**Prompt**
Set the entries down once more, exactly as they are worded.

**Records provided**
________________________
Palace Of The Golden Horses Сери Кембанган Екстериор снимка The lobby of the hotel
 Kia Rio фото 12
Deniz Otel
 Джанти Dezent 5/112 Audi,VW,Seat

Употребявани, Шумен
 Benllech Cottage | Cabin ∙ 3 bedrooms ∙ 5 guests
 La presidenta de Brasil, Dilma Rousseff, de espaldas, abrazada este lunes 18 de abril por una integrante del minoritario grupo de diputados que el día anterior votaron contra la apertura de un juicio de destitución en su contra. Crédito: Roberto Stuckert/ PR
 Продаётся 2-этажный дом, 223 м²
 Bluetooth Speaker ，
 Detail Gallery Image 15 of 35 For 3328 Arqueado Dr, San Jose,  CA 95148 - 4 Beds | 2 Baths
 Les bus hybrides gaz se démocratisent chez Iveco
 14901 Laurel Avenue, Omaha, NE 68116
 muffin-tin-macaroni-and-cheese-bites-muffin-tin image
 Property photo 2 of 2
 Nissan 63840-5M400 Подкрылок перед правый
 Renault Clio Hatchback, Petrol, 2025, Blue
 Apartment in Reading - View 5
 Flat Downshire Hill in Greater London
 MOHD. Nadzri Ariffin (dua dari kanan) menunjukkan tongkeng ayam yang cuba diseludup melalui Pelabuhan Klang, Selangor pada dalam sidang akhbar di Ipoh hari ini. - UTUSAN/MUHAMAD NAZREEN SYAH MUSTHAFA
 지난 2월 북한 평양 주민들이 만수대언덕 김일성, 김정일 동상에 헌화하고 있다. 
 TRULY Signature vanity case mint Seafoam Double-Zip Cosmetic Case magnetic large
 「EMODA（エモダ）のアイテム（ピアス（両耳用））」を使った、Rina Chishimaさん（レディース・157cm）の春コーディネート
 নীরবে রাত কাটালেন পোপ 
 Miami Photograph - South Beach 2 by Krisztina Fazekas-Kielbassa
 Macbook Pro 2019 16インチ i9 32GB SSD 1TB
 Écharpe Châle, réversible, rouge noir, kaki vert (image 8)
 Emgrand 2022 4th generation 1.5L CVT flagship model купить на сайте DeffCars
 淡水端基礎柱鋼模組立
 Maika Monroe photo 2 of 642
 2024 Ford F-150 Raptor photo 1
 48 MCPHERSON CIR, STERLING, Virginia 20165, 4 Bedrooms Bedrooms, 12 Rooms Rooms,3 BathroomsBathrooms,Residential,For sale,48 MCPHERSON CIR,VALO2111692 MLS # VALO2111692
________________________
**Answer section**
Palace Of The Golden Horses Сери Кембанган Екстериор снимка The lobby of the hotel
 Kia Rio фото 12
Deniz Otel
 Джанти Dezent 5/112 Audi,VW,Seat

Употребявани, Шумен
 Benllech Cottage | Cabin ∙ 3 bedrooms ∙ 5 guests
 La presidenta de Brasil, Dilma Rousseff, de espaldas, abrazada este lunes 18 de abril por una integrante del minoritario grupo de diputados que el día anterior votaron contra la apertura de un juicio de destitución en su contra. Crédito: Roberto Stuckert/ PR
 Продаётся 2-этажный дом, 223 м²
 Bluetooth Speaker ，
 Detail Gallery Image 15 of 35 For 3328 Arqueado Dr, San Jose,  CA 95148 - 4 Beds | 2 Baths
 Les bus hybrides gaz se démocratisent chez Iveco
 14901 Laurel Avenue, Omaha, NE 68116
 muffin-tin-macaroni-and-cheese-bites-muffin-tin image
 Property photo 2 of 2
 Nissan 63840-5M400 Подкрылок перед правый
 Renault Clio Hatchback, Petrol, 2025, Blue
 Apartment in Reading - View 5
 Flat Downshire Hill in Greater London
 MOHD. Nadzri Ariffin (dua dari kanan) menunjukkan tongkeng ayam yang cuba diseludup melalui Pelabuhan Klang, Selangor pada dalam sidang akhbar di Ipoh hari ini. - UTUSAN/MUHAMAD NAZREEN SYAH MUSTHAFA
 지난 2월 북한 평양 주민들이 만수대언덕 김일성, 김정일 동상에 헌화하고 있다. 
 TRULY Signature vanity case mint Seafoam Double-Zip Cosmetic Case magnetic large
 「EMODA（エモダ）のアイテム（ピアス（両耳用））」を使った、Rina Chishimaさん（レディース・157cm）の春コーディネート
 নীরবে রাত কাটালেন পোপ 
 Miami Photograph - South Beach 2 by Krisztina Fazekas-Kielbassa
 Macbook Pro 2019 16インチ i9 32GB SSD 1TB
 Écharpe Châle, réversible, rouge noir, kaki vert (image 8)
 Emgrand 2022 4th generation 1.5L CVT flagship model купить на сайте DeffCars
 淡水端基礎柱鋼模組立
 Maika Monroe photo 2 of 642
 2024 Ford F-150 Raptor photo 1
 48 MCPHERSON CIR, STERLING, Virginia 20165, 4 Bedrooms Bedrooms, 12 Rooms Rooms,3 BathroomsBathrooms,Residential,For sale,48 MCPHERSON CIR,VALO2111692 MLS # VALO2111692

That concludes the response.